SUPPLIED MATERIAL
● ● ● ●

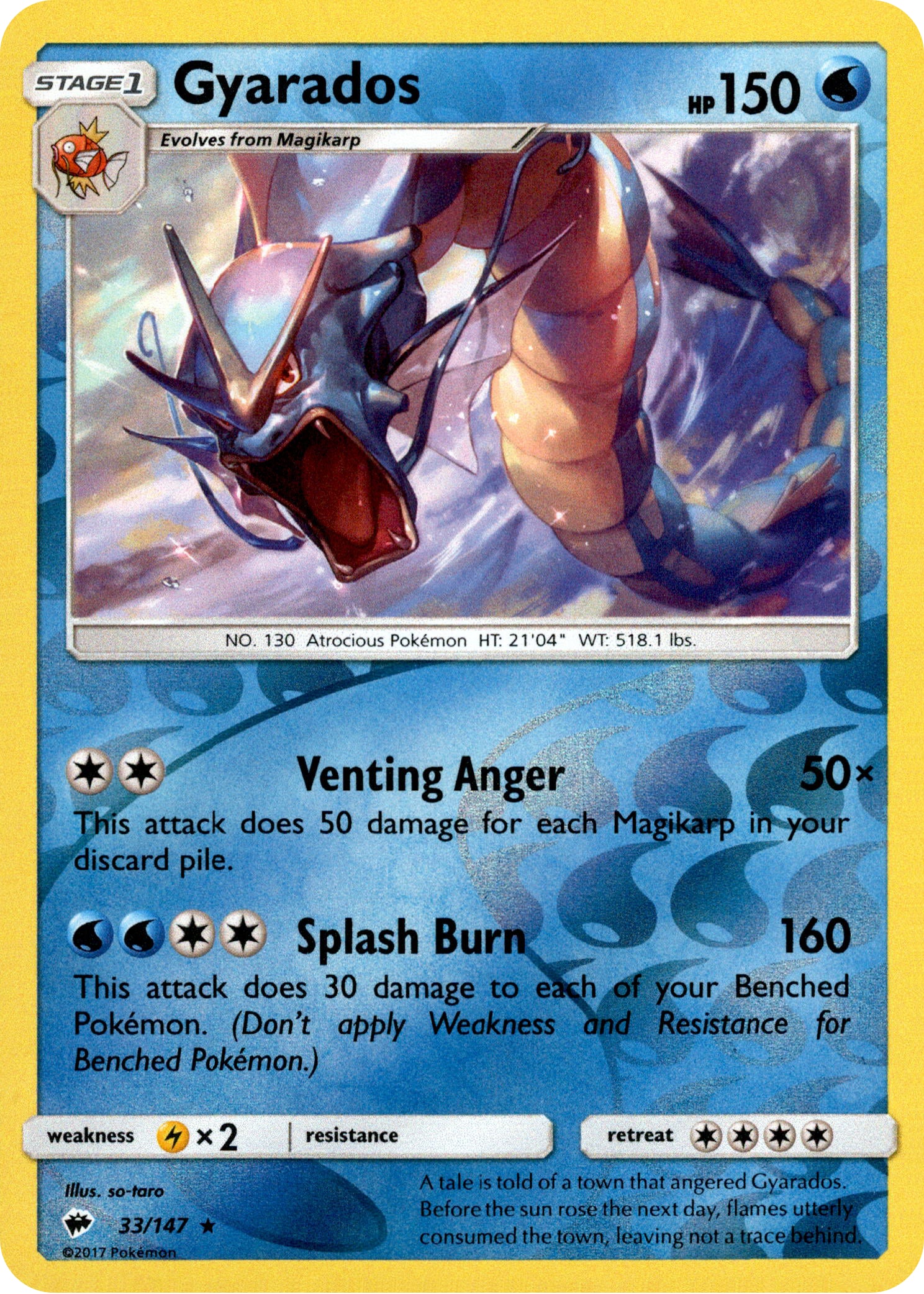 Gyarados - 33/147 - Burning Shadows - Reverse Holo - Card Cavern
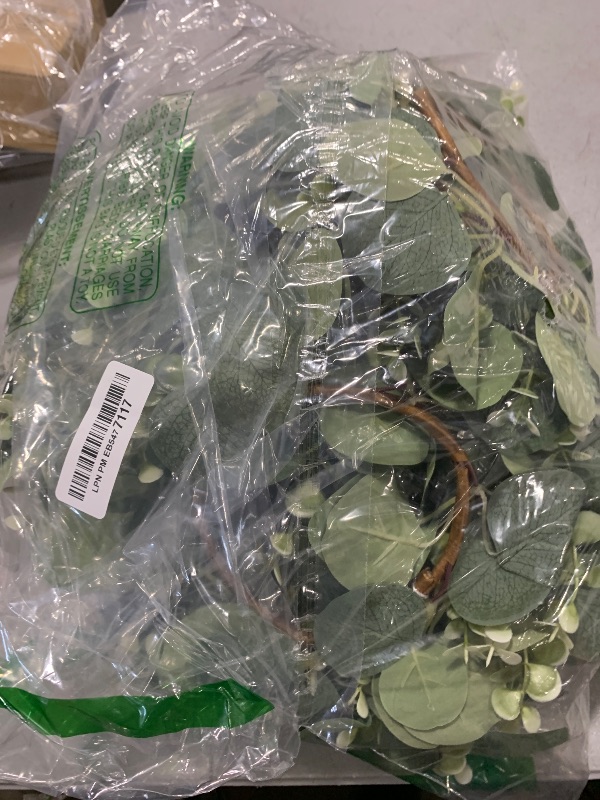 Photo 1 of Panelee 20 Pcs Wedding Candle Rings Wreaths Green Eucalyptus Leaves Artificial Leaf Boho Candle Pillars Holder(Elegant Eucalyptus Leaf)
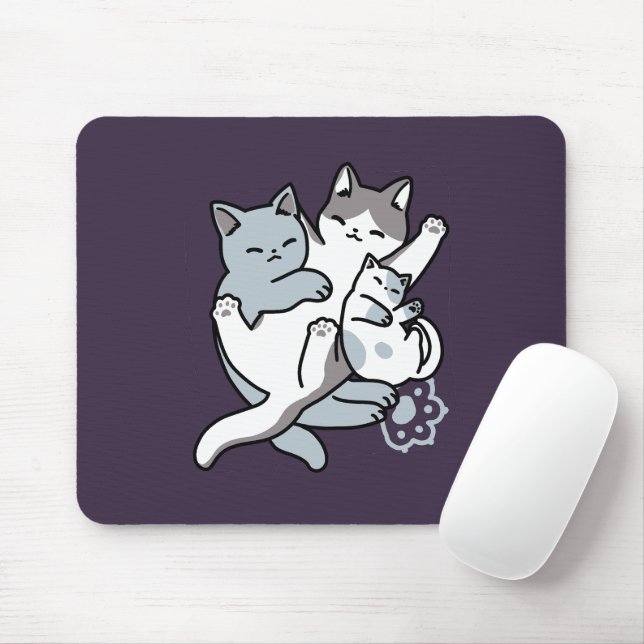 Meow Pounce Snuggle – Cute Sleeping Cats Mouse Pad (With Mouse)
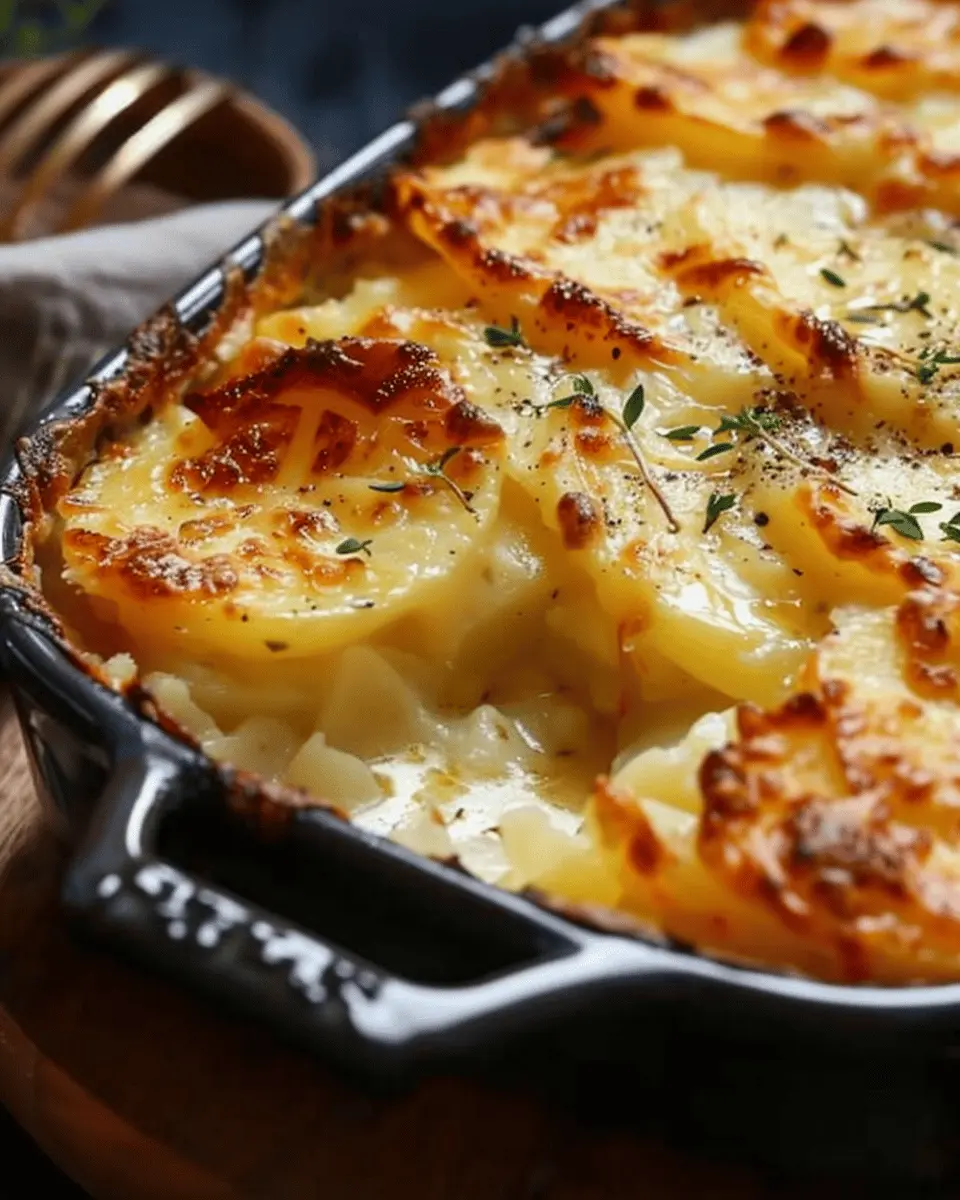 Cheesy Potato Gratin Casserole with Turkey Bacon and Chicken Ham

● ● ● ●

DESCRIPTION OF THE TASK
Reproduce every line above exactly, pictures excluded.

RESPONSE BOX
 Gyarados - 33/147 - Burning Shadows - Reverse Holo - Card Cavern
 Photo 1 of Panelee 20 Pcs Wedding Candle Rings Wreaths Green Eucalyptus Leaves Artificial Leaf Boho Candle Pillars Holder(Elegant Eucalyptus Leaf)
 Meow Pounce Snuggle – Cute Sleeping Cats Mouse Pad (With Mouse)
 Cheesy Potato Gratin Casserole with Turkey Bacon and Chicken Ham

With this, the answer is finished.